Out-Law Analysis 2 min. read
05 Nov 2020, 10:31 am
From midnight 21 October 2020, Ireland commenced the highest level of 'lockdown' restrictions for a six-week period, to be reviewed after four weeks. As a result, amendments were also made to the level of payments under the Employment Wage Subsidy Scheme and the Pandemic Unemployment Payment, which will be in place until the end of January 2021.
Written by Jason McMenamin of Pinsent Masons, the law firm behind Out-Law.
Under the 2020 Emergency Measures in the Public Interest (Covid-19) Act, employees who have been laid off or kept on short-time due to the effects of measures taken by the employer in order to comply with, or as a consequence of, government policy to prevent, limit, minimise or slow the spread of infection of Covid-19 cannot trigger a redundancy situation during the 'emergency period'.
Ordinarily, the 1967 Redundancy Payments Act permits an employer to lay off an employee if the employer:
Where employees are laid off or placed on short time working, they are usually able to convert the lay-off or short-time working to a redundancy situation. Employees, who have been laid off or placed on short-time working for four or more consecutive weeks or six weeks in any 13 week period, can notify their employer of their intention to claim redundancy. The employer can prevent this if, within four weeks of this notice, it can guarantee the employee 13 consecutive weeks of work without lay-off or short-time working.
However, the right of an employee to trigger a redundancy situation has been suspended during the emergency period where the lay-off or short time is a consequence of Covid-19. Ireland's emergency period initially ran from 13 March until 31 May, but this was further extended to 10 August and then 17 September and it has now been extended until30 November. The reason behind the amendments is to prevent a situation where, if a redundancy was triggered, the employer may not be in a position to afford to pay redundancy due to cash flow issues which would, in some cases, propel the business into insolvency.
However, it should be noted that the extension only delays the date by which an employee can trigger a redundancy if they have been laid-off or put on short-time work for a period ending on 30 November. All other redundancy provisions remain unchanged and in force.
While Ireland had changed the payment rates of the PUP in September, the latest public health restrictions has resulted in further changes and the reintroduction of the €350 rate.

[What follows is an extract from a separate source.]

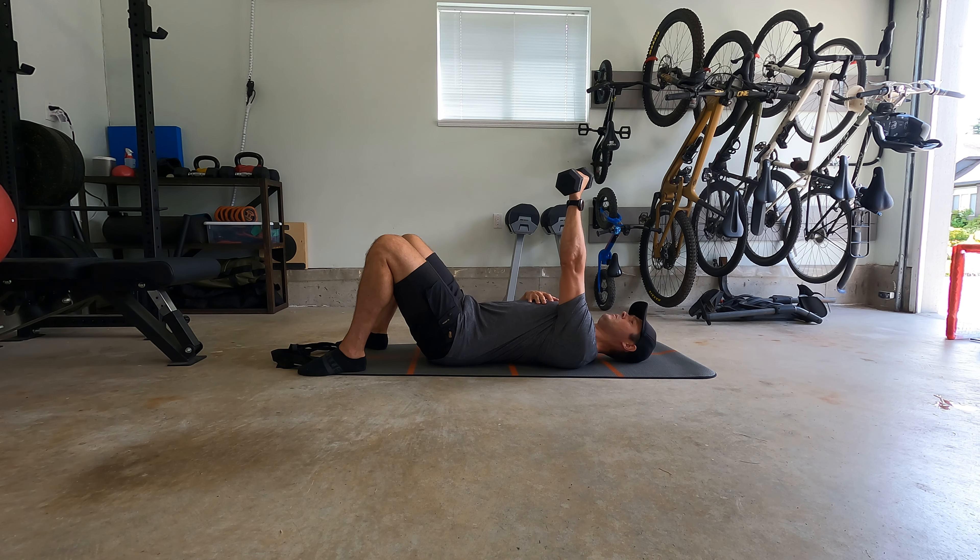Now, it's easy to miss this, but I want you to focus on the direction in which your elbow is pointing. Some people, especially when they've got inhibited rotator cuffs, will tend to rotate through the wrist, and that will disguise a lack of movement coming from the shoulder.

From 16 October 2020 until 31 January 2021 the PUP will be paid at four rates as set out below:
Prior gross weekly earnings | PUP payment |
---|---|
More than €400 | €350 |
Between €300 and €399.99 | €300 |
Between €200 and €299.99 | €250 |
Less than €200 | €203 |
The new rates are effective from 16 October 2020. The department will examine the person’s average gross weekly earnings in 2019, and compare it to their average gross weekly earnings in January and February 2020. The higher earnings figure will be used to determine their weekly PUP rate. The payments will be liable to income tax at the end of the year.
It is proposed that there will be further changes to rates in February and April 2021.

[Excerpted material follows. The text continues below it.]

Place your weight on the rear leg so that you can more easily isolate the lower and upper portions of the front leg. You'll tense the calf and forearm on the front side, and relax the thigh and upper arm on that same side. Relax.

Ireland's minister for finance announced that the rates of subsidy for the EWSS would also be revised to achieve better alignment to the PUP rates.
The revised EWSS subsidy rates effective from 20 October to 31 January are as follows:
Gross weekly pay | Revised rates |
---|---|
More than €1,462 | Nil |
Between €400 and €1,462 | €350 |
Between €300 and €399.99 | €300 |
Between €203 and €299.99 | €250 |
Between €151.50 and €202.99 | €203 |
Less than €151.50 | Nil |
While the extension to Ireland's temporary redundancy provisions are due to expire at the end of November, a day before the current six week public health restrictions are also due to expire, it remains to be seen whether the government will once more extend the emergency period in order to mitigate against the risk of insolvency and bankruptcy situations which could result in further job losses.